» INFORMATION PROVIDED:
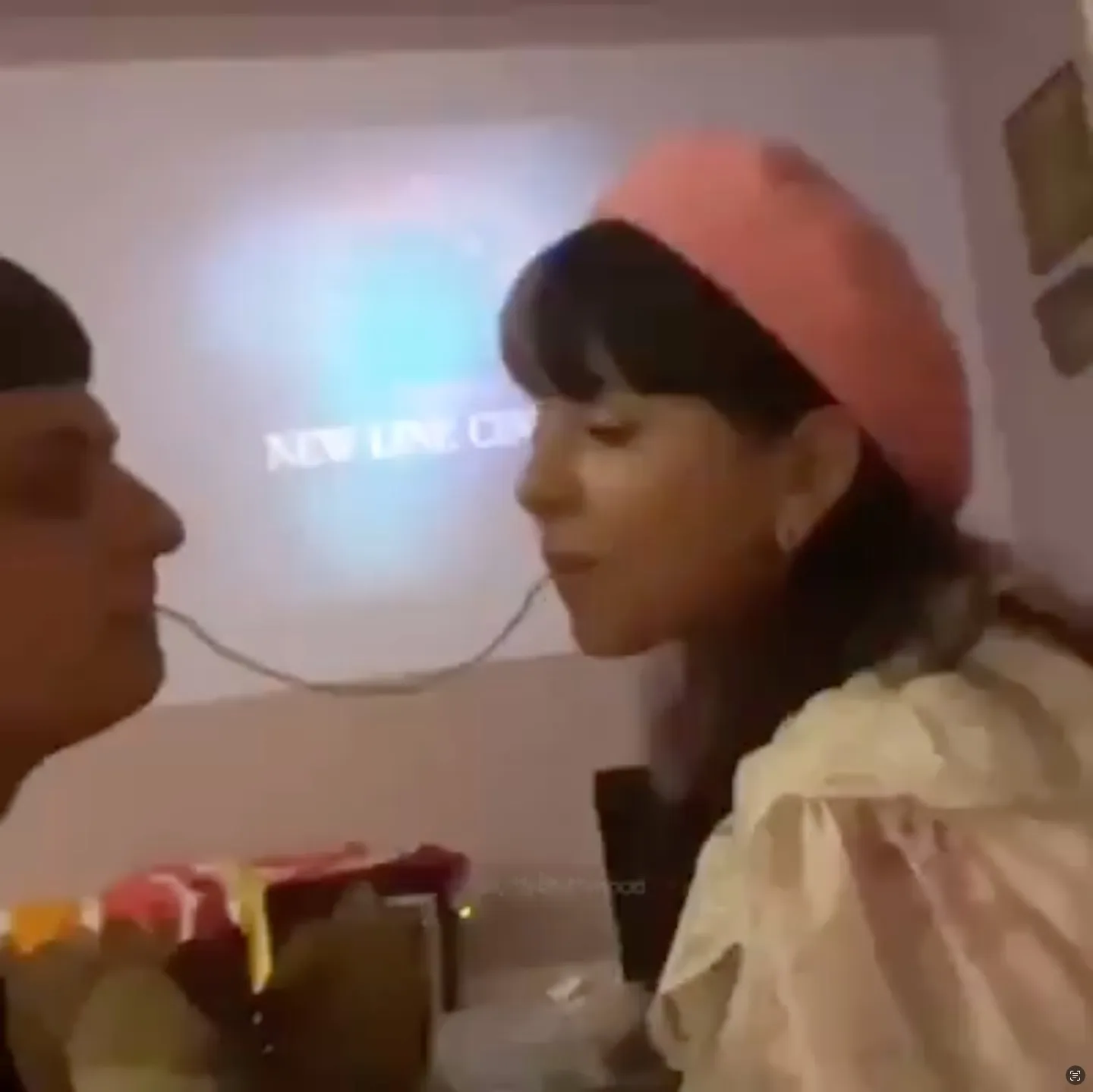 Oliver Tree and Melanie Martinez sharing a piece of spaghetti.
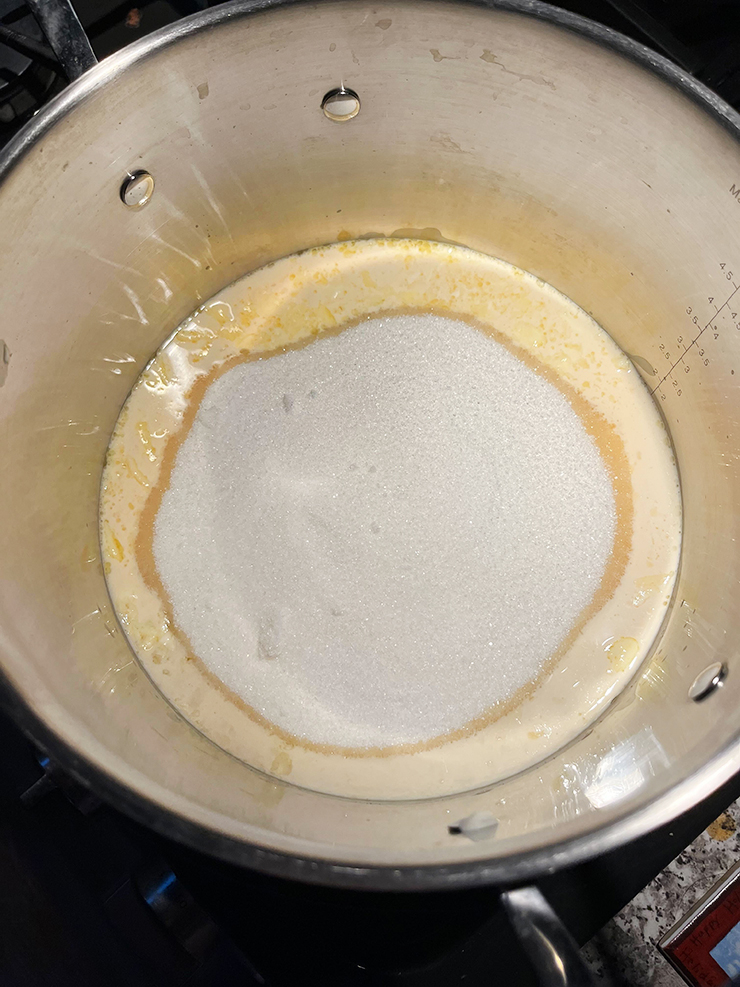 Saucepan with sugar, butter, adn evaporated milk.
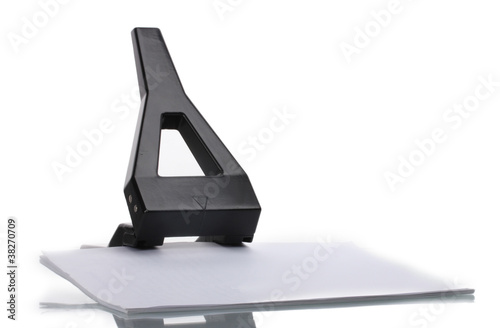 Black office hole punch with paper isolated on white © Africa Studio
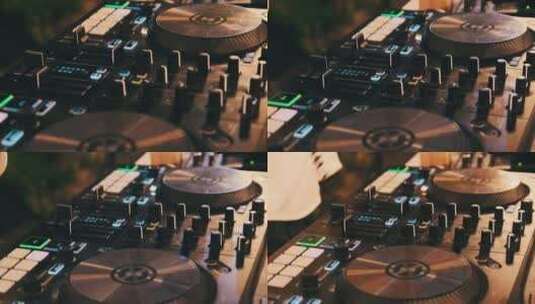 DJ在夜间派对上使用DJ混音控制器播放音高清在线视频素材下载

» AIM OF THE EXERCISE: Restate the listing above word for word and skip each picture.

» RESPONSE:
 Oliver Tree and Melanie Martinez sharing a piece of spaghetti.
 Saucepan with sugar, butter, adn evaporated milk.
 Black office hole punch with paper isolated on white © Africa Studio
 DJ在夜间派对上使用DJ混音控制器播放音高清在线视频素材下载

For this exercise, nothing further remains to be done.